Nessuna italiana in fascia alta. A seconda del punteggio le regioni europee sono state divise in cinque gruppi: le tre migliori, con oltre 60 punti, sono Stoccolma, Parigi-Ile de France e la Baviera con Monaco. A seguire, in seconda fascia, 23 regioni tra 50 e 60 punti: anche qui nessuna italiana ma undici tedesche, tre olandesi e due belghe, il nocciolo dell’Europa da cui il Regno Unito si è autoescluso. In terza fascia tra 40 e 50 punti ci sono 79 regioni europee tra cui undici tedesche, finalmente nove italiane (Lombardia, Veneto, Lazio, Emilia Romagna, Friuli Venezia Giulia, Provincia di Trento, Piemonte, Liguria e Umbria) e sette olandesi. Giù nella quarta fascia con 30-40 punti molte regioni in Francia, Spagna, Polonia e otto italiane quasi tutte del Centro Sud (Toscana, Marche, Abruzzo, Molise, Sardegna, Basilicata e Puglia) più la Provincia di Bolzano. In ultima fascia le rimanenti quattro italiane: Valle d’Aosta, Campania, Sicilia e Calabria.

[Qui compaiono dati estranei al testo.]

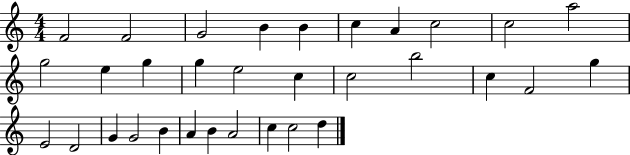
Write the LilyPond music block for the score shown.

{
  \clef treble
  \numericTimeSignature
  \time 4/4
  \key c \major
  f'2 f'2 | g'2 b'4 b'4 | c''4 a'4 c''2 | c''2 a''2 | \break g''2 e''4 g''4 | g''4 e''2 c''4 | c''2 b''2 | c''4 f'2 g''4 | \break e'2 d'2 | g'4 g'2 b'4 | a'4 b'4 a'2 | c''4 c''2 d''4 | \break \bar "|."
} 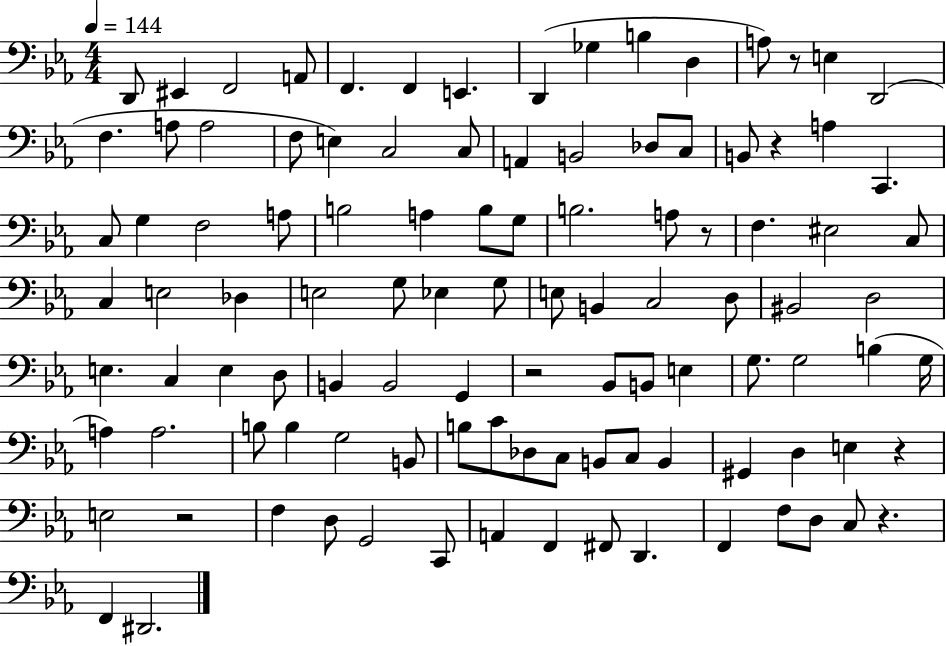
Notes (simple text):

D2/e EIS2/q F2/h A2/e F2/q. F2/q E2/q. D2/q Gb3/q B3/q D3/q A3/e R/e E3/q D2/h F3/q. A3/e A3/h F3/e E3/q C3/h C3/e A2/q B2/h Db3/e C3/e B2/e R/q A3/q C2/q. C3/e G3/q F3/h A3/e B3/h A3/q B3/e G3/e B3/h. A3/e R/e F3/q. EIS3/h C3/e C3/q E3/h Db3/q E3/h G3/e Eb3/q G3/e E3/e B2/q C3/h D3/e BIS2/h D3/h E3/q. C3/q E3/q D3/e B2/q B2/h G2/q R/h Bb2/e B2/e E3/q G3/e. G3/h B3/q G3/s A3/q A3/h. B3/e B3/q G3/h B2/e B3/e C4/e Db3/e C3/e B2/e C3/e B2/q G#2/q D3/q E3/q R/q E3/h R/h F3/q D3/e G2/h C2/e A2/q F2/q F#2/e D2/q. F2/q F3/e D3/e C3/e R/q. F2/q D#2/h. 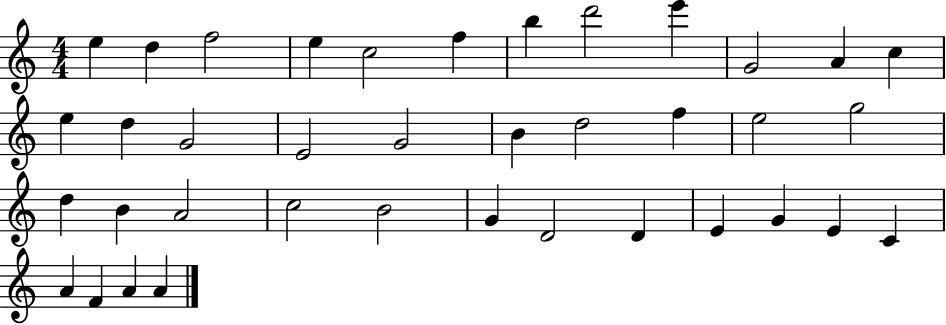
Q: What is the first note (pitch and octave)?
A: E5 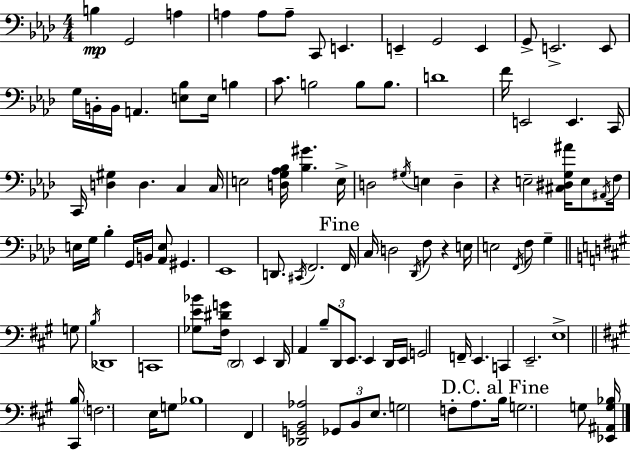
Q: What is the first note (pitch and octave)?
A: B3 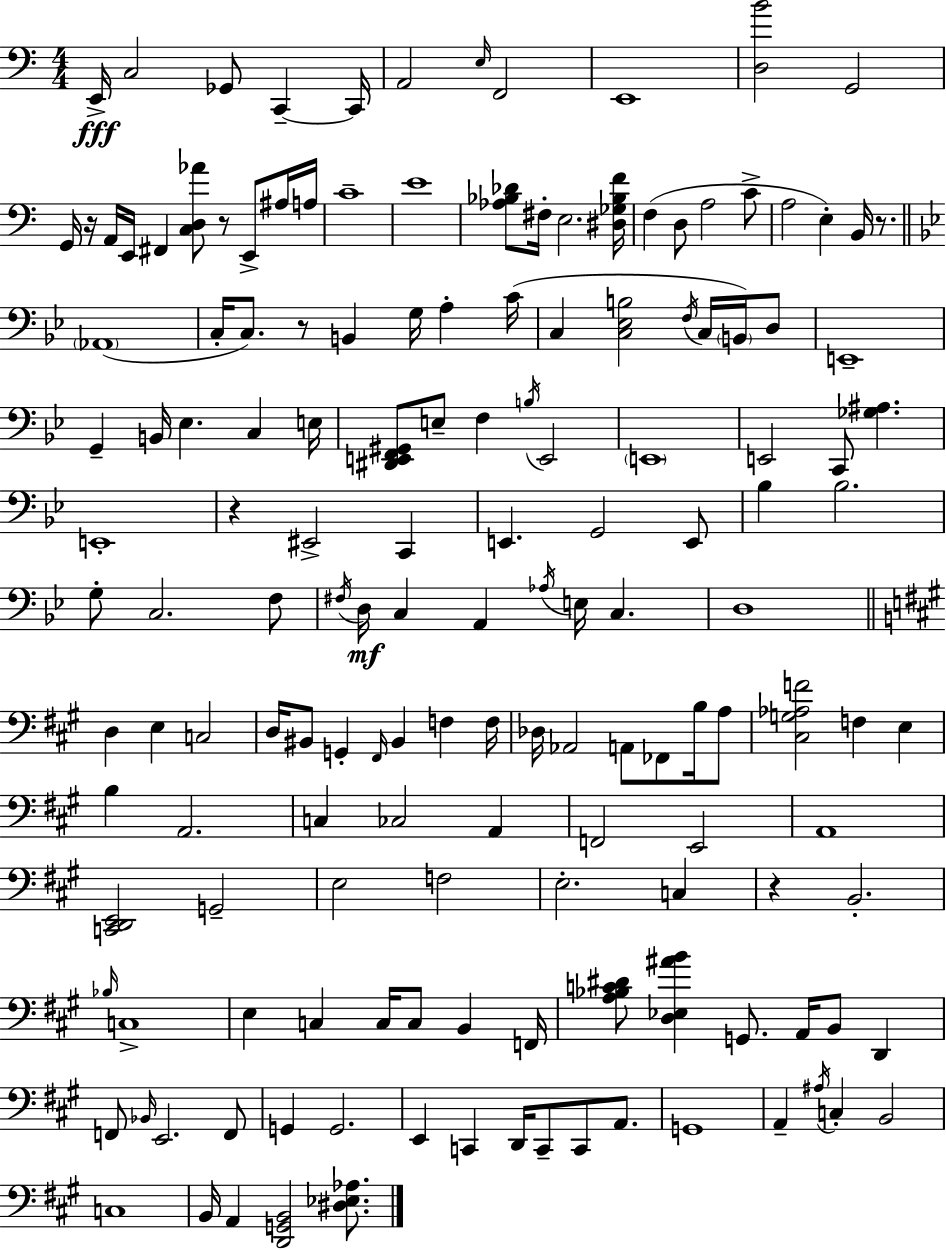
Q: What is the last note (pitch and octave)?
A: A2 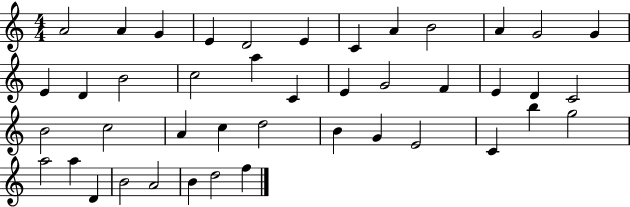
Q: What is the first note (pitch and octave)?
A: A4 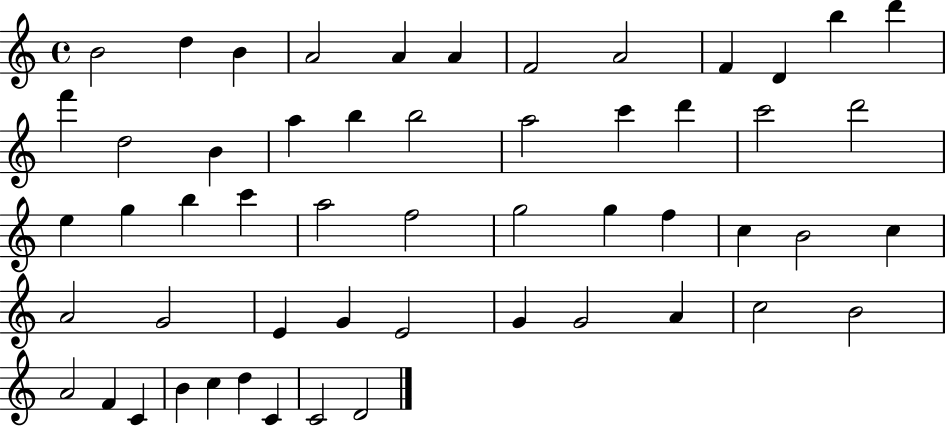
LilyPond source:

{
  \clef treble
  \time 4/4
  \defaultTimeSignature
  \key c \major
  b'2 d''4 b'4 | a'2 a'4 a'4 | f'2 a'2 | f'4 d'4 b''4 d'''4 | \break f'''4 d''2 b'4 | a''4 b''4 b''2 | a''2 c'''4 d'''4 | c'''2 d'''2 | \break e''4 g''4 b''4 c'''4 | a''2 f''2 | g''2 g''4 f''4 | c''4 b'2 c''4 | \break a'2 g'2 | e'4 g'4 e'2 | g'4 g'2 a'4 | c''2 b'2 | \break a'2 f'4 c'4 | b'4 c''4 d''4 c'4 | c'2 d'2 | \bar "|."
} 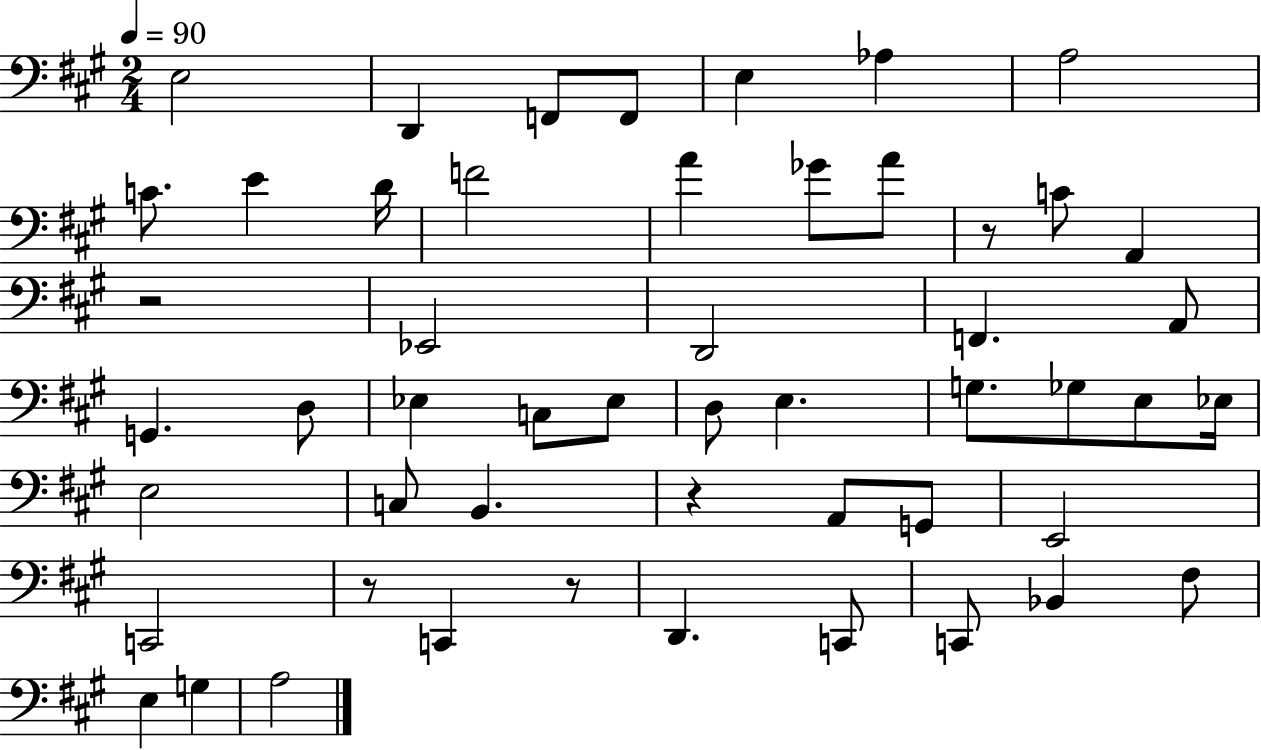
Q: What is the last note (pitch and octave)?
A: A3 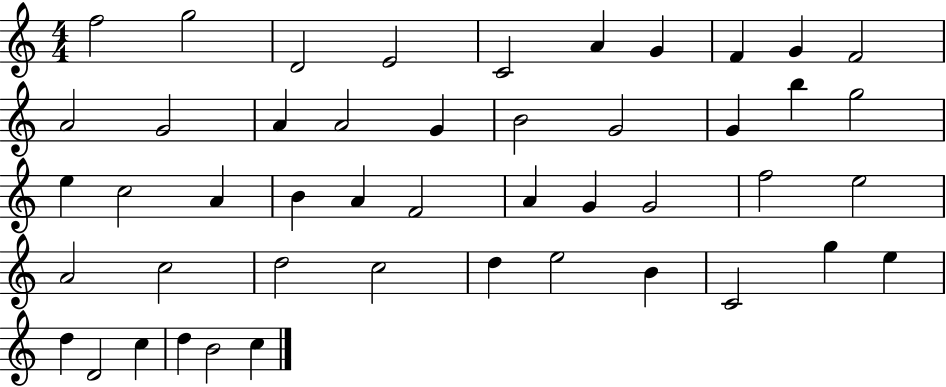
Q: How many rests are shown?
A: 0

Si tratta quindi di una distanza significativa tra le migliori regioni europee e quelle del Nord Est italiano. Non tanto per livello e distribuzione del reddito, che anzi sono non lontani da quelli delle aree di testa, e nemmeno per la qualità delle istituzioni, quanto per il basso numero di laureati rispetto alla media europea, per la ridotta quota di lavoratori impiegata in settori creativi e di lavoratori della conoscenza e per la minor produzione di marchi e brevetti, quest’ultima effetto più dell’arretratezza della cultura imprenditoriale che della dimensione delle imprese.
Anche per quanto riguarda infrastrutture e connettività per via aerea e di terra il Triveneto con l’Emilia-Romagna perdono posizioni rispetto alle migliori regioni europee. Quindi istruzione più elevata, migliori infrastrutture per la mobilità e maggiore ricerca e brevettazione e brandizzazione sono gli ambiti in cui è più urgente intervenire per evitare di aumentare ulteriormente il divario con le più performanti regioni europee e riguadagnare competitività. Di conseguenza passa di qui la capacità di formare e trattenere talenti e impiegarli in settori a più elevato valore aggiunto. Ricerca, brevetti e marchi aziendali sono appunto gli ambiti che secondo gli analisti di Fondazione Nord Est chiamano in causa direttamente le imprese e le loro politiche di sviluppo.